Once he couldn't get a driver to a par 3.

"I putted absolutely as bad as you can putt through 14 holes," he said, knowing he missed three putts by a total of 11 feet. The irony of his having to listen to such pouting week after week from others failed to draw a smile.

From absolutely terrible, Beman turned absolutely brilliant at the 15th hole, saving par from the sand with a 13-footer. The birdie at 16 was from 15 feet and he wedged stiff at 17 for his second birdie.

"Golf in America is played in the air; golf over here is played on the ground," he said. "Sometimes here you don't get it on the ground soon enough." On 18, he bumped a 3-iron onto the green to set up the birdie that set up his first extended emotion of the round. Finally, he could relax.

In truth, nothing much breaks his concentration at what became nearly a full-time job the last month or so. Martians suddenly in love with the 115th British Open would have to hop on Beman's pitching wedge to get his attention. That total commitment to an entire round was as hard as anything to recapture.

"It's easy for one shot," he said. "But 4 1/2 hours requires a lot of discipline and training. My mind wandered during the Irish Open in which he made the cut and was a little bit better last week in which he did not .

"Sunday and Monday during qualifying I thought my way around well, kept the right things in focus."

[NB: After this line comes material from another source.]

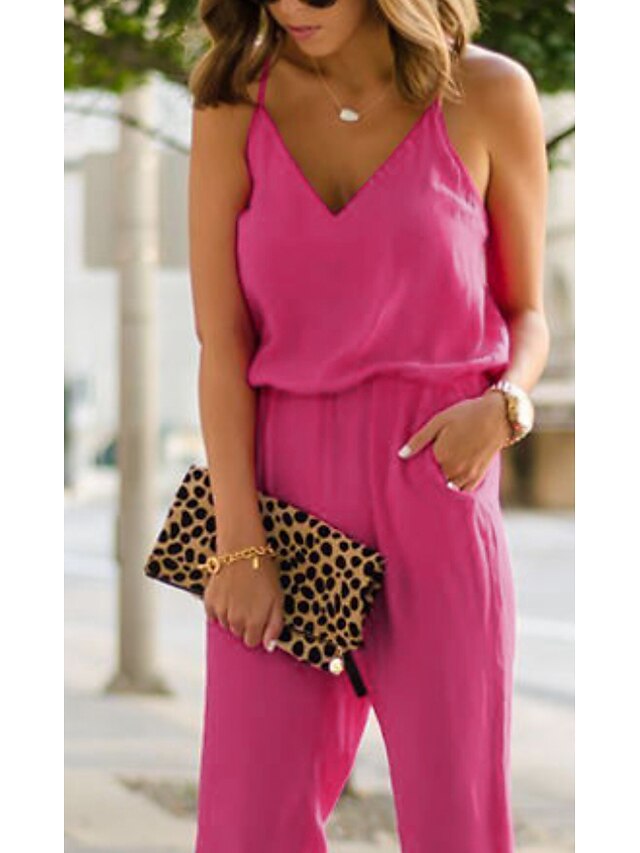  Women's Jumpsuit Solid Colored Basic Strap Regular Fit Blue Fuchsia Yellow S M L Spring & Summer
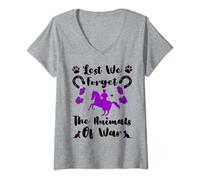 Womens Purple Lest We Forget The Animals Of War Remembrance V-Neck T-Shirt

His focus on serious golf caused Beman to hit "15,000 to 20,000 practice balls for 45 days" at the beginning of the year. That contributed to back problems that had him almost totally inactive for a week and severely limited for another three.

His final practice round here was with Tom Watson, Jack Nicklaus and Lee Trevino. At one point, a starry-eyed fan motioned toward Beman and said: "Who's the old man?"

Beman's daughter Valerie overheard the remark.

"He's not so old," she snapped.

In two years, Beman will be old enough to join the senior tour he helped enhance. A fairly close associate said he expects Beman to do exactly that, to resign as commissioner and join the seniors "because he knows he can beat most of 'em now."

Doesn't everybody retire to golf?

Beman says he has no such intentions.

There is little flashy either about Beman or his game. His playing partners were outfitted in the latest rain garb; the commish slipped a tour-issue jacket over his tan sweater.

David Jones often wore heavily lined gloves between shots; Beman fashioned a makeshift muff with a bathroom towel to warm his hands.

"I hadn't walked more than one round of golf in 10 or 11 years," he said. "Hadn't played more than a dozen to 20 rounds a year in eight or nine years. Two years ago, I decided I didn't want my game to deteriorate anymore.

"First came the practice tee. Then you want to display your game to friends and who you want to brag to. Tournament level is next. I'm close now to the level that pleases me."

That was Open opening day. Nobody knows about the next swing in golf, let alone the next 18 holes. Figuratively speaking, Beman could shoot 100 in the second round. Or 50.

All anyone knew by Thursday's end, Nicklaus and Ballesteros and so on, was this: Ailsa's fairways ought to be called Beman's Patios, and they're the only place to be sitting.